§ Task requirements: Drop the pictures from the entries below, then reproduce the rest exactly.

§ Data for this task:
- Opening Delimiter -
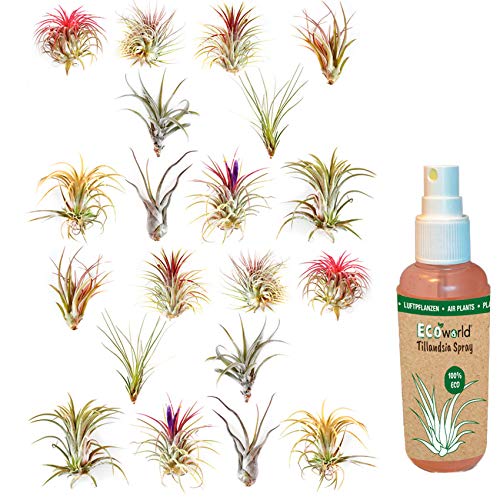 vdvelde.com - Ecoworld Luftpflanzen Echt 20 Stück + Tillandsia Spray für kräftige und intensiver gefärbte Pflanze - 2x10 Verschiedene Arten, pflegeleicht, benötigen wenig Wasser - Tillandsien Pflanzen von Ecoworld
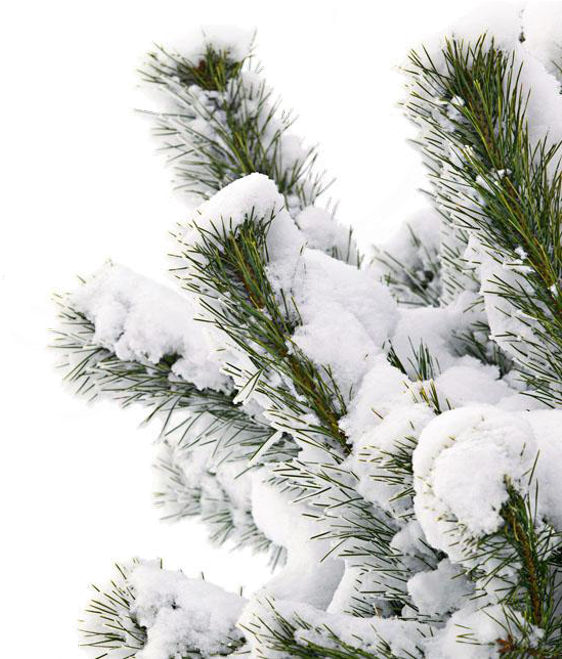 Download #snowtree #snow #branch - Snow Covered Pine Tree Png Clipart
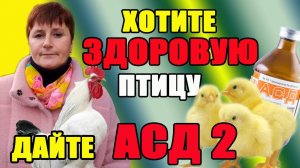 Как помочь курам в холодное время.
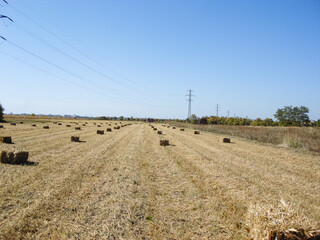 Agricultural field with straw bales after harvest.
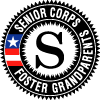Senior Corps Seal Vector Preview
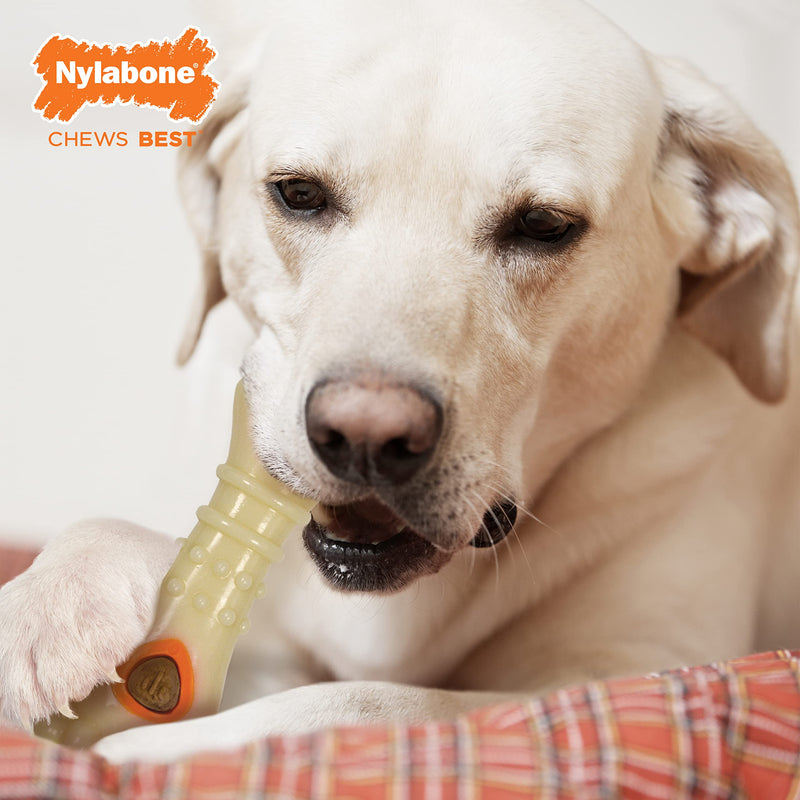 Nylabone Power Chew Knuckle Bone & Pop-in Treats Treat Refill Chicken 1 Count (Pack of 30) - BeesActive Australia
- Closing Delimiter -
§ Solution to this problem:
 vdvelde.com - Ecoworld Luftpflanzen Echt 20 Stück + Tillandsia Spray für kräftige und intensiver gefärbte Pflanze - 2x10 Verschiedene Arten, pflegeleicht, benötigen wenig Wasser - Tillandsien Pflanzen von Ecoworld
 Download #snowtree #snow #branch - Snow Covered Pine Tree Png Clipart
 Как помочь курам в холодное время.
 Agricultural field with straw bales after harvest.
Senior Corps Seal Vector Preview
 Nylabone Power Chew Knuckle Bone & Pop-in Treats Treat Refill Chicken 1 Count (Pack of 30) - BeesActive Australia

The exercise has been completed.